On the one hand, to facilitate the clients’ DevOps transformation, Renova consulted the following best practices:

  • Adoption of Infrastructure as Code (IaC) with Terraform enabled automation and streamlined infrastructure management.
  • Implementation of the GitOps model ensured scalable and consistent infrastructure management across multiple AWS regions.
  • Utilization of Apache Airflow as the primary orchestrator facilitated scheduling and execution of complex data pipelines, integrating with AWS services via Kubernetes Operator and Karpenter.
  • Establishment of monitoring and logging with CloudWatch Container Insights enabled collection and storage of container logs and performance data in log groups.
  • Use of Karpenter for dynamic compute provisioning allowed efficient processing of large datasets on Amazon S3 and seamless support for various workloads.
  • Creation of detailed runbooks ensured effective infrastructure maintenance and troubleshooting, supporting seamless daily operations.

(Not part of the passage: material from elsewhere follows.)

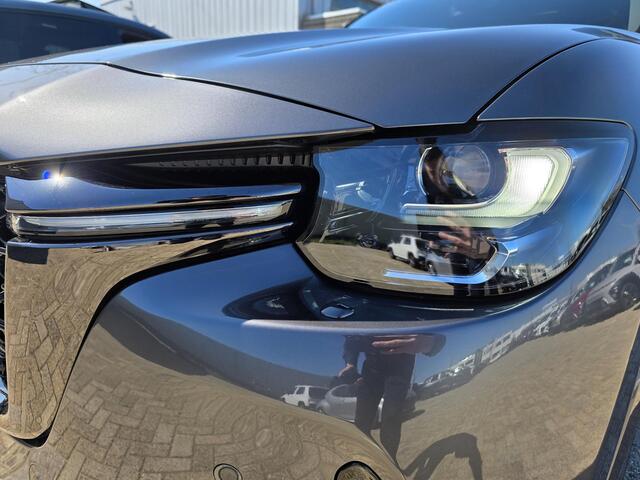Mazda CX-60 2.5 e-SkyActiv PHEV Homura | Stoelgeheugen | Stoel koeling/verwarming | Applecarplay en Android Auto | Head up display | Achteruitrijcamera | Adaptieve led koplampen | Adaptieve cruise control |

On the other hand, RenoCube offers pre-built integrations with the following AWS services to accelerate the speed and efficiency at which ADAS system operates:

  • Karpenter: an AWS open-source node lifecycle management project for Kubernetes that enables automated and dynamic EKS node management. By automatically provisioning nodes based on specific pod requirements and retiring them when no longer needed, Karpenter optimizes workloads with compute resources categorized into general-purpose, memory-intensive, and GPU-intensive groups. Leveraging a 4:6 ratio of EC2 Spot and On-Demand instances, RenoCube tailors infrastructure to client needs, ensuring efficient resource allocation and cost savings.
  • Amazon FSx for Lustre: a scalable, high-performance file system that supports compute-intensive workloads and enables efficient data processing. Effective ADAS systems usually rely on real-time data from sensors like cameras, radar, and lidar, which could sum up to a huge amount. FSx for Lustre supports simultaneous data read and write operations, reducing data processing lead times from days to just 2.5 hours through a warm-up strategy that prioritizes Amazon Simple Storage Service (Amazon S3) bucket data using “lazy loading”. This optimization minimizes worker pod delays and prevents data processing crashes, ensuring swift, reliable data transitions and enhanced efficiency for ADAS system development.
  • Amazon Simple Storage Service (Amazon S3): used in conjunction with FSx for Lustre to optimize data retrieval and processing times.

Benefits

These benefits provided immediate value to the customer by significantly accelerating deployment times and enhancing global scalability. The automation of infrastructure provisioning and deployment pipelines reduced lead times from several days to less than three hours, enabling faster feature releases and system updates. This efficiency was particularly crucial as the company expanded into Asia, Europe, and the US, where the ability to quickly scale resources and deploy services seamlessly across multiple regions ensured a consistent user experience and operational stability. Additionally, the streamlined processes minimized manual intervention, reducing the risk of configuration errors and downtime, which further optimized performance and reliability across international markets.

Conclusion

By embracing DevOps and leveraging RenoCube, the EV manufacturer successfully transformed its ADAS platform into a scalable, automated, and cost-efficient system. The adoption of Infrastructure as Code, GitOps, and dynamic compute provisioning streamlined operations, reduced deployment times, and enabled seamless expansion into global markets. This transformation not only enhanced vehicle safety and system reliability but also positioned the manufacturer for continuous innovation in the fast-evolving automotive industry.